Fedora is very flexible in configuring the storage interface. The objects and datastreams can be configured to use different storage platforms. In this case, we configured Fedora to use Akubra-HDFS for the datastreams, and the local filesystem for the objects. This again limits the number of small files that need to go into Hadoop.
Typically, a Hadoop cluster consists of a single namenode and multiple datanodes. Hadoop can handle datanode failures very well, but if the namenode fails the entire cluster goes down. To overcome such a scenario a hot-standby namenode can be added to the cluster making the namenode Highly Available. The standby node will always be in sync with the active namenode and it can automatically take over the cluster when the active namenode fails.
The namenode manages the metadata of the HDFS, whereas the datanodes host the actual content. All client requests to HDFS are first processed by the namenode, and it redirects clients to appropriate datanodes. Hadoop uses redundancy to achieve fault tolerance, storing copies of the same data on different nodes so that when one node fails the data can still be retrieved from other locations. The number of copies Hadoop stores is configurable, with a default setting of three copies. The effective storage capacity of the cluster becomes one-third of the actual capacity under this configuration. Hadoop uses an xml based configuration framework. Every node in Hadoop needs matching, correctly configured xml files for proper functioning of the cluster. We used Cloudera Standard , an easy to use tool to deploy and manage Hadoop clusters, from Cloudera , to administer the test cluster for this research.
To understand the performance of Hadoop storage, it needs to be contrasted with the regular storage. We benchmarked the performance of HDFS backed Fedora against Fedora with the default storage platform. The Fedora server application is run on a Linux virtual machine with SAN provisioned storage. See Appendix I for specification of the systems used in this research. We used Apache JMeter , a performance-testing tool, to conduct the tests. JMeter can simulate high workload conditions by generating large numbers of parallel requests to the server. JMeter captures different aspects of the response from the server to provide valuable performance information.

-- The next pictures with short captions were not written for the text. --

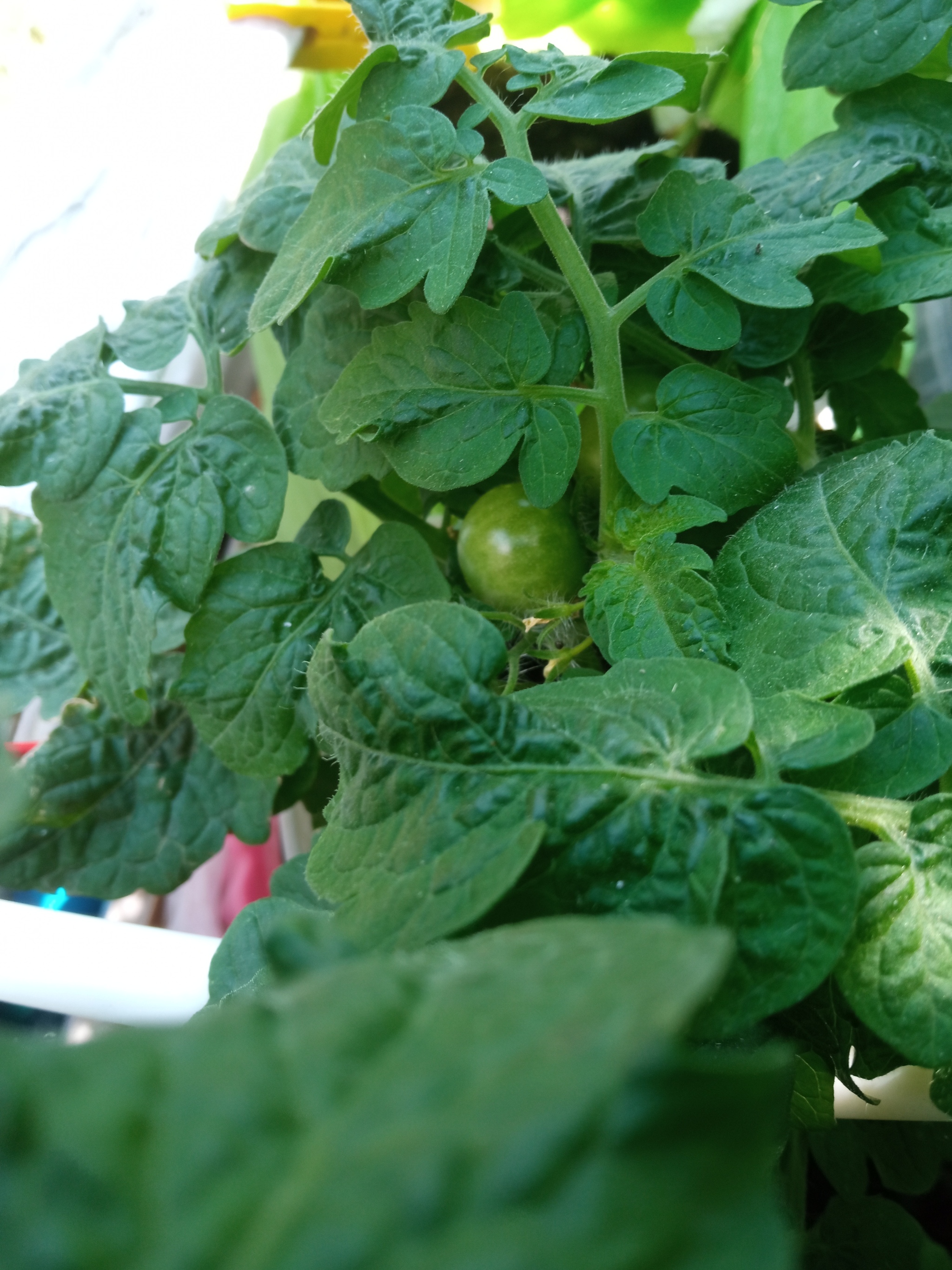 About the garden and more - My, Vegetable garden on the windowsill, Seedling, Longpost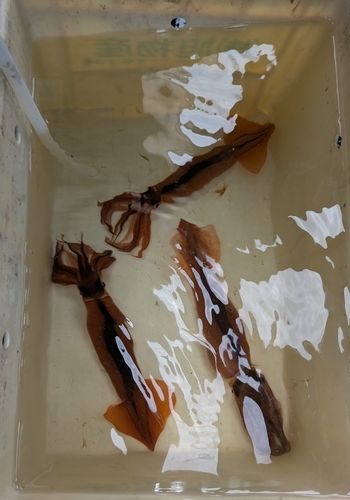 スルメイカの釣果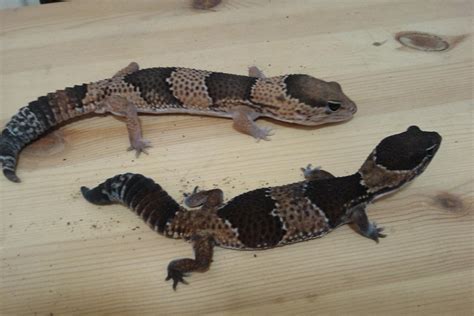 African Fat-Tailed Gecko Facts, Habitat, Diet, Life Cycle, Pictures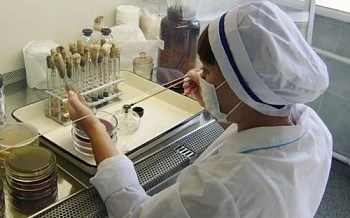 Российские ученые разработали уникальную технологию повышения качества сельскохозяйственной продукции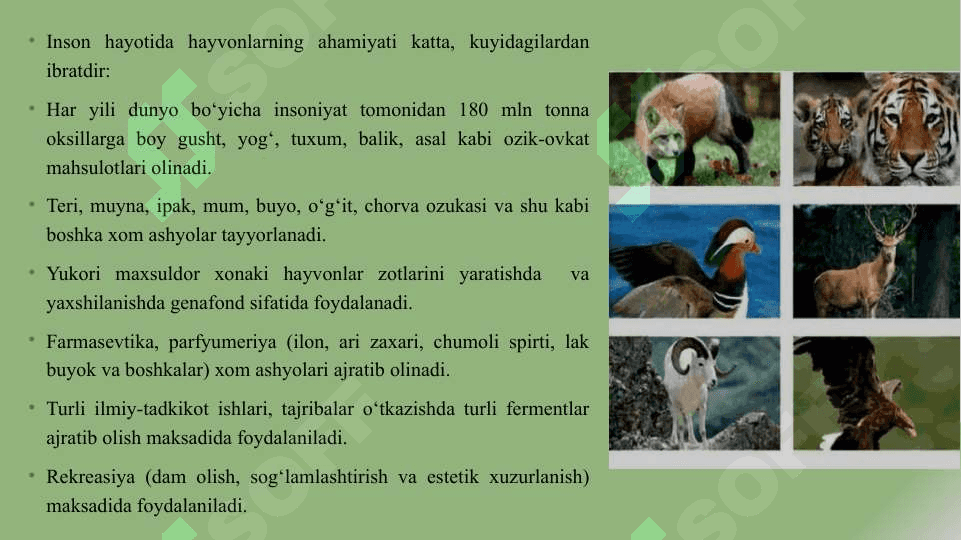 Hayvonot dunyosini muxofaza qilish 5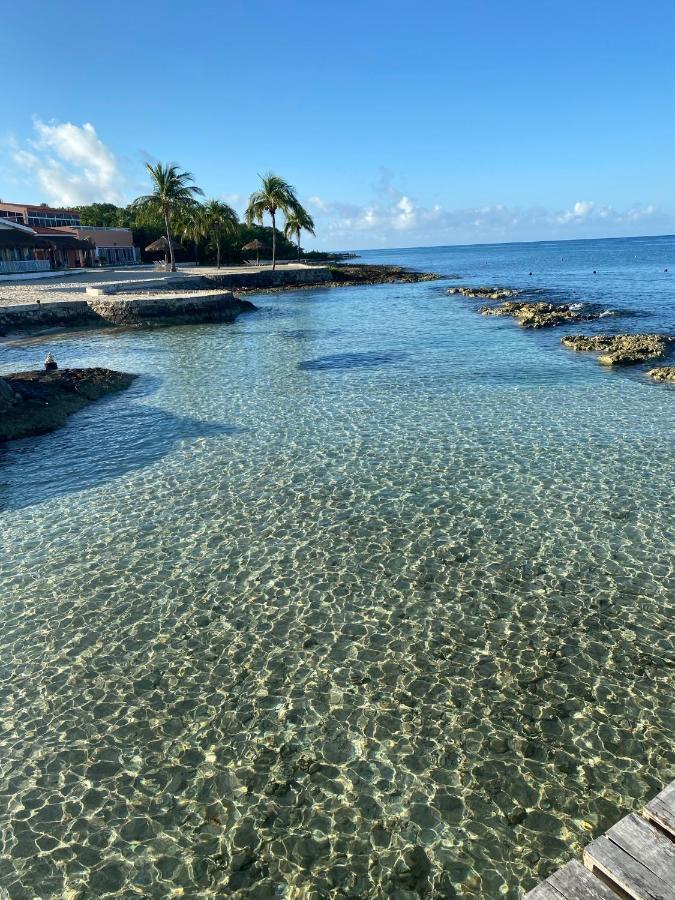 The Queen Of Cozumel Beach House -Luxury Beachfront Villa- Million Dollars View エクステリア 写真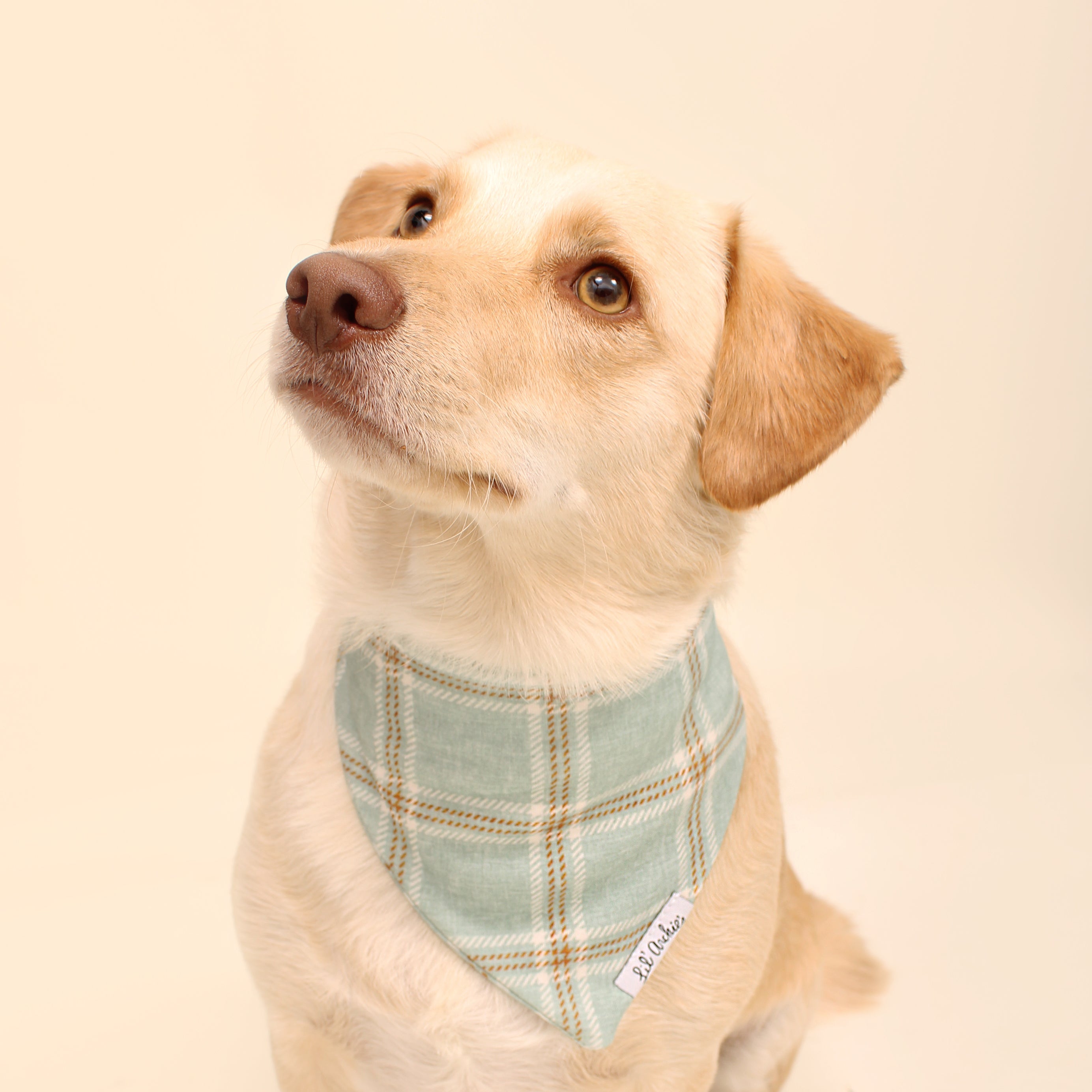 Serene Plaid - Dog Bandana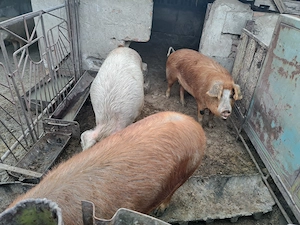 Porci de vânzarea!! De la 60 kg la 230 kg! - imagine 2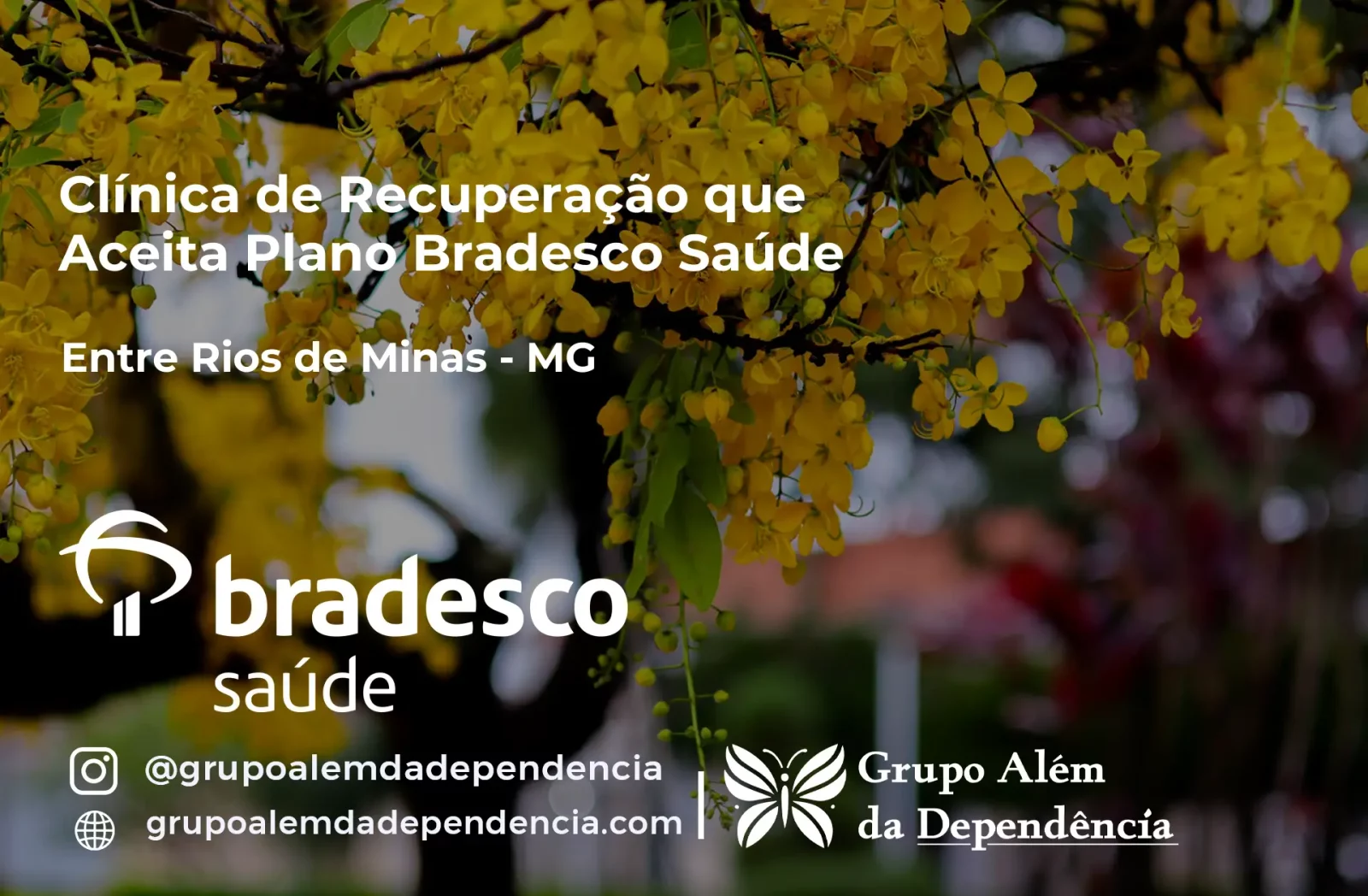 Clínica de Recuperação que Aceita Bradesco Saúde em Entre Rios de Minas - MG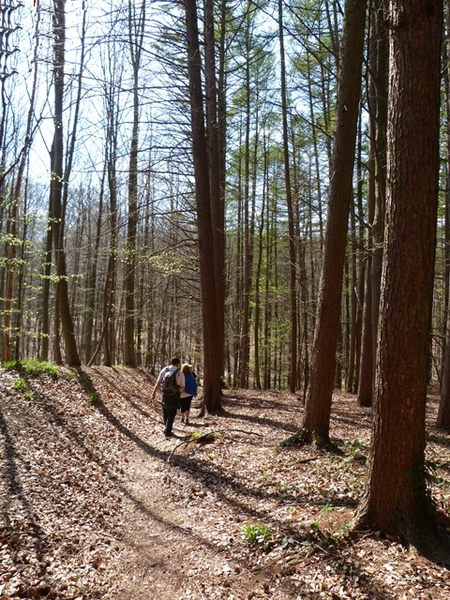 55-Door Kapucijnenbos-Duisburg naar Tervuren..
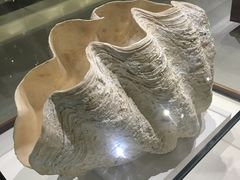 -青岛贝壳博物馆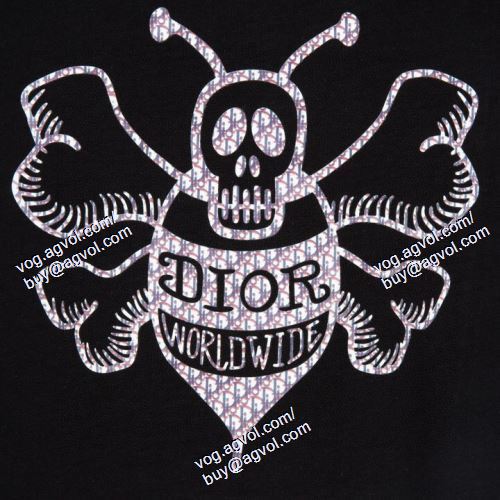  DIORスーパーコピー 激安 2021春夏 2色可選 半袖Tシャツ ～希少 ディオール DIOR 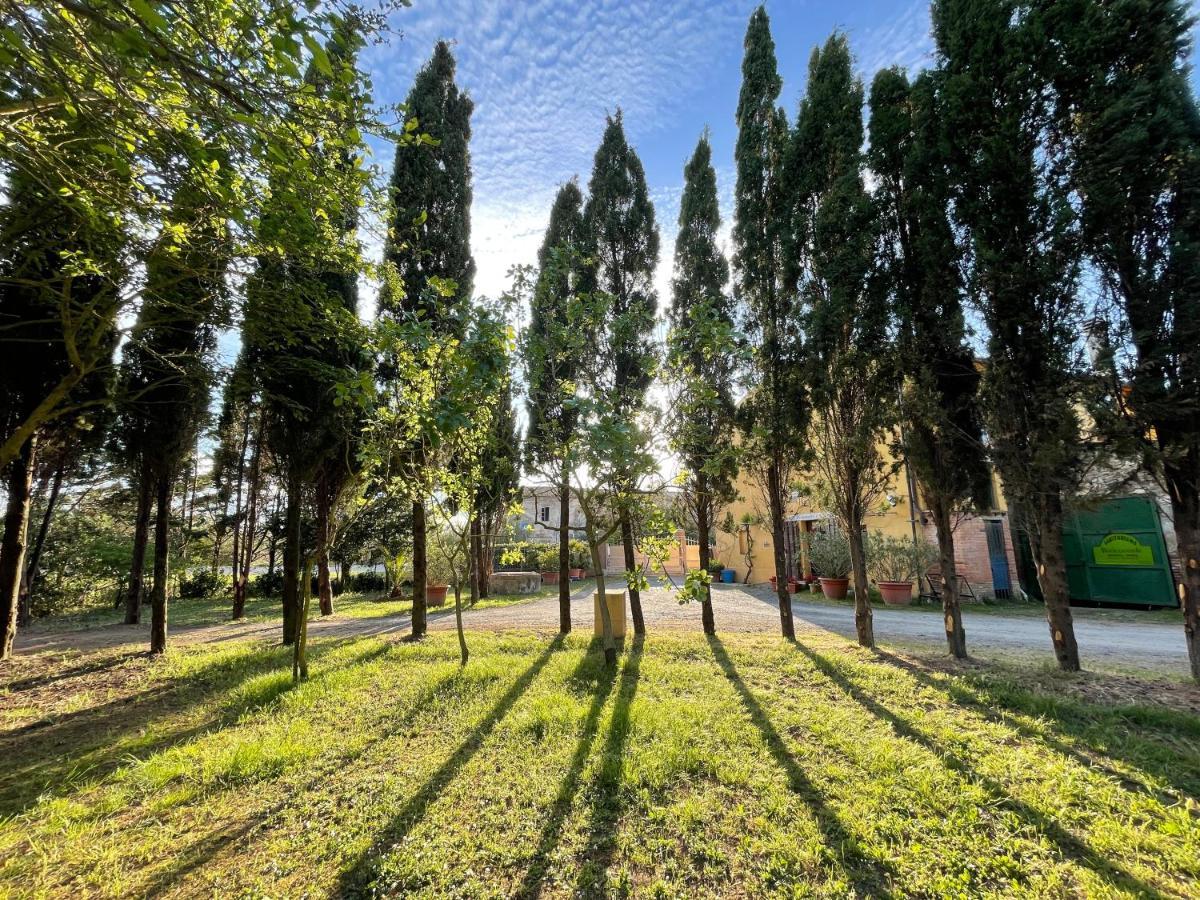 Agriturismo Le Biricoccole Vada Kültér fotó
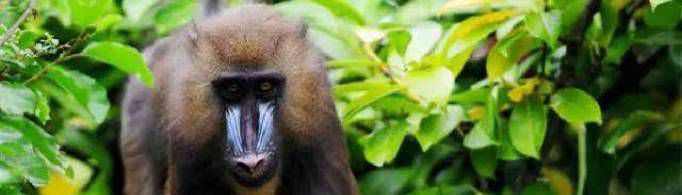 东北话大马猴是什么意思？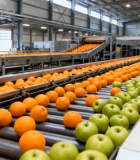 工厂水果流水线输送画面14497#横屏 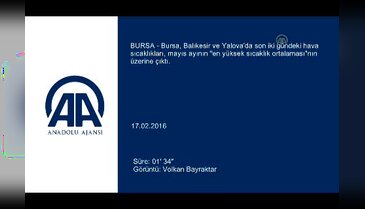 Marmara yanıyor! Bursa'da 2,5 katına ulaştı!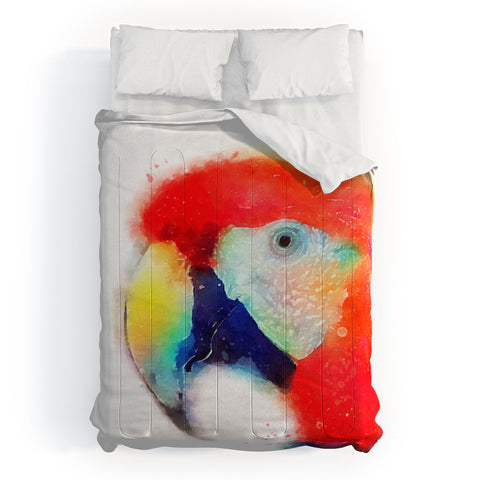 Jacqueline Maldonado The Articulate Comforter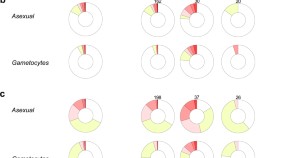 Hemoglobin variants shape the distribution of malaria parasites in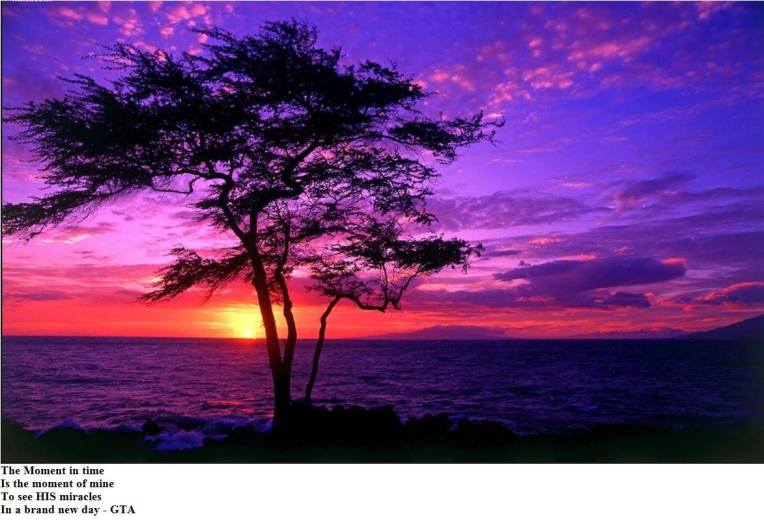 UncleGunnSunriseNsnow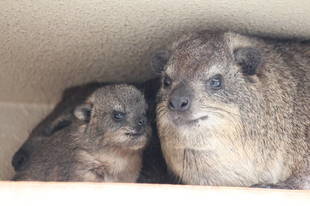 ハイラックスからのご報告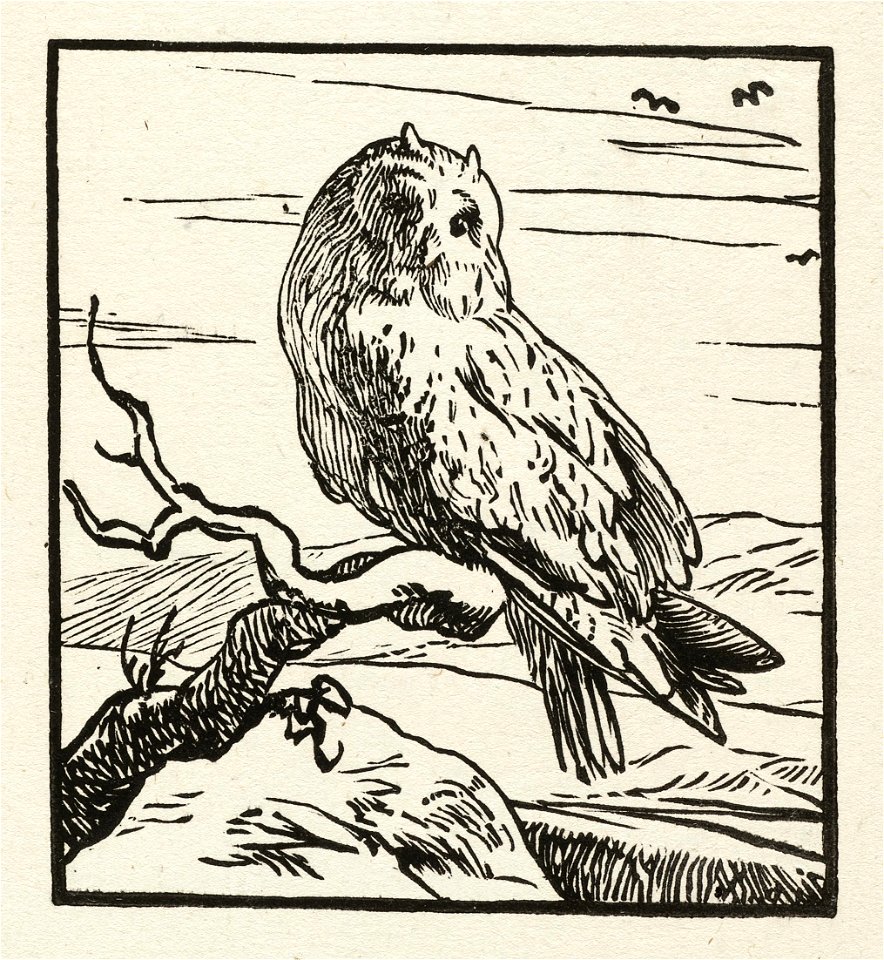 Een uil op een tak. NL-HlmNHA 1477 53010241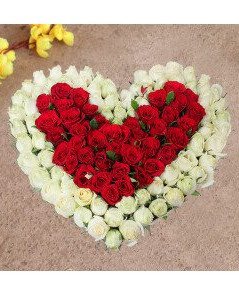 100 White & Red Roses Heart shape 
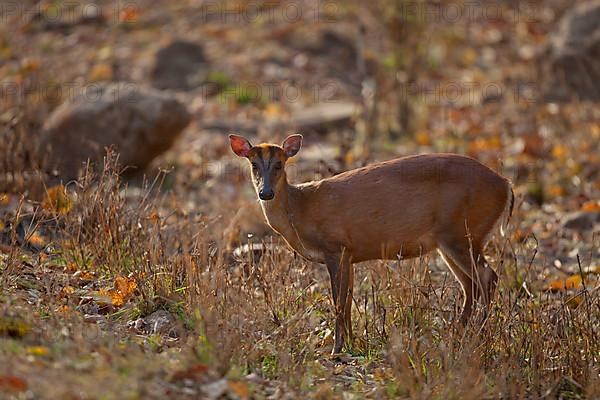 Indian muntjac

Create object, delete object, create datastream, read datastream, and delete datastream operations were benchmarked. As expected the create object and delete object operations had similar performance on both HDFS and local filesystem based servers, since the Fedora objects were configured to be stored in the local storage in both cases. The delete datastream operation also had a close performance on both servers, as it only involved metadata operations. The create datastream and read datastream operations showed significant performance improvement on the HDFS backed server.
The charts above depict the throughput of the Fedora server with local filesystem and HDFS for 200 parallel requests generated by JMeter. Multiple JMeter clients were used to maximize the parallelism of the test requests.
The results are dependent on factors such as network bandwidth, disk performance, and SAN performance, so it cannot be generalized that HDFS storage will always provide better performance. Rather, to obtain a more accurate comparison the above-mentioned factors pertaining to the specific environment should be studied. We have hosted our JMeter test plans on github . The test plans can be used to rerun the performance tests on any Fedora server.
Ease of Access
Easy access to the storage is an important requirement for any filesystem. Digital collections staff, and other potential users would need direct HDFS access to perform day-to-day data handling operations. The functionality to natively mount HDFS to users’ workstations is currently limited. However, additional services can be installed on the server side that allows easier access to the filesystem.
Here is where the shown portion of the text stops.